The core premium drinks business of Diageo, the world's largest spirits company, again proved the main driver of growth in the first half. The company, which has now sold its Pillsbury food business and is in the process of closing the sale of the Burger King restaurant group, is now fully focused on drinks.
The company reported turnover of £11.3 billion (€20.1bn) for the first half of 2002, with operating profits of £2.12 billion. While this represented a decline compared to the year before in actual value terms, this is due almost entirely to the changes in the company's structure. Organic growth, a much better indication of the company's actual performance, was 8 per cent for volume sales, 9 per cent for operating profits and 13 per cent for operating profits from premium drinks.
Nick Rose, Diageo's chief financial officer, said that the operating profit rise for premium drinks was the third increase in succession, and reflected a 4 per cent rise in organic volumes and a 9 per cent rise in organic retail sales value during the half.
The UK and North America, traditionally Diageo's strongest markets, continued to be the main drivers of growth, with organic operating profit growth of 30.6 per cent and 17 per cent respectively.
The company's global priority brands, which include Smirnoff, Bailey's and Johnnie Walker, posted organic volume growth of 8 per cent, with Bailey's up 10 per cent and Smirnoff up 21 per cent including the Smirnoff Ice ready-to-drink (RTD) brand.
Diageo has been at the forefront of the RTD category, which is already huge in the UK and growing rapidly elsewhere. Rose said that Smirnoff Ice had almost doubled its sales to reach 4.7 million equivalent cases, helped by the launch of the product in the US, but that other new RTD products such as Gordon's Edge in the UK, Archers Aqua in the UK, Johnnie Walker One and J&B Twist in Spain had also contributed to the overall performance. A new variant of Ice, Smirnoff Black Ice, is being launched soon in the UK, Rose added.
He admitted that the Captain Morgan Gold RTD product had been a disappointment, however, since despite successful initial trials the repeat purchases of the brand had not materialised.
"Smirnoff Ice has been such a runaway success that we perhaps lost sight of the fact that launching an RTD product is difficult," Rose said. "The taste profile for Captain Morgan Gold is not right yet, that is clear, but this is not the end of RTDs by a long shot. The success of our other products shows that there is still a market there, and while the UK is full of RTDs, the US and elsewhere are just starting."He added that the company had taken a £24 million writedown to cover the failure of Captain Morgan Gold.

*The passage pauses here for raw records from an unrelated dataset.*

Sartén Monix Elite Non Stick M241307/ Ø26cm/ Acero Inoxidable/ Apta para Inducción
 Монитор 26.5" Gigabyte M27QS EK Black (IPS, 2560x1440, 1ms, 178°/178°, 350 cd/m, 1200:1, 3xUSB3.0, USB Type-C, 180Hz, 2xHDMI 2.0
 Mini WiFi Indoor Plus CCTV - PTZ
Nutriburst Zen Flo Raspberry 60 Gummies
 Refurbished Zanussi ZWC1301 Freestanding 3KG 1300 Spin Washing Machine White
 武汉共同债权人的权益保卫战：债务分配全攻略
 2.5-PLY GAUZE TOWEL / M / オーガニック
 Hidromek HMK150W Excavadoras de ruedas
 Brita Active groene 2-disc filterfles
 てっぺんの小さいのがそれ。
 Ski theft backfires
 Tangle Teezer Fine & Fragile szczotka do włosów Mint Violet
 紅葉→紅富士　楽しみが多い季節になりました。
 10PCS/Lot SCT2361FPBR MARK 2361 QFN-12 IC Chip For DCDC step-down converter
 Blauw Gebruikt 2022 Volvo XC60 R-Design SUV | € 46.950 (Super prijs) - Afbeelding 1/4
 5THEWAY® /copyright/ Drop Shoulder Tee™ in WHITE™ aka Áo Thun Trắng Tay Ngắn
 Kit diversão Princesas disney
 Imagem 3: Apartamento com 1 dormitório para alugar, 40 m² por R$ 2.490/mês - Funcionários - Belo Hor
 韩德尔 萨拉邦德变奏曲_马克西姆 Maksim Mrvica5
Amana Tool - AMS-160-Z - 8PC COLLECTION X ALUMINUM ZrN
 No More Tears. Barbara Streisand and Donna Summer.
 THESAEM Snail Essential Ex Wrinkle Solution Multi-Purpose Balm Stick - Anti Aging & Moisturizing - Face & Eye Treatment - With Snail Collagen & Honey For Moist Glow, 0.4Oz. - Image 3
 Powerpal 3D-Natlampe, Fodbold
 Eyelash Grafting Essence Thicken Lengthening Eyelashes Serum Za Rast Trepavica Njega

As well as its global brands, the company has a number of local priority brands, chief among them Crown Royal, the Canadian whisky brand acquired as part of the Seagram deal. Rose said that this was a highly profitable brand, and he expected to see further growth in the second half.
Elsewhere, the Dimple whisky brand in South Korea had suffered because of a change of distributor, but now that the brand had come in-house Rose said he expected to see an improvement in what is still a huge market for Scotch.
Economic troubles in Latin America impacted results there, and there is no sign of an immediate recovery, Rose added. The group's main business is in Brazil and Venezuela, both of which saw their currencies devalued during the half, but Rose said that profitability had been maintained in Latin America despite lower volumes.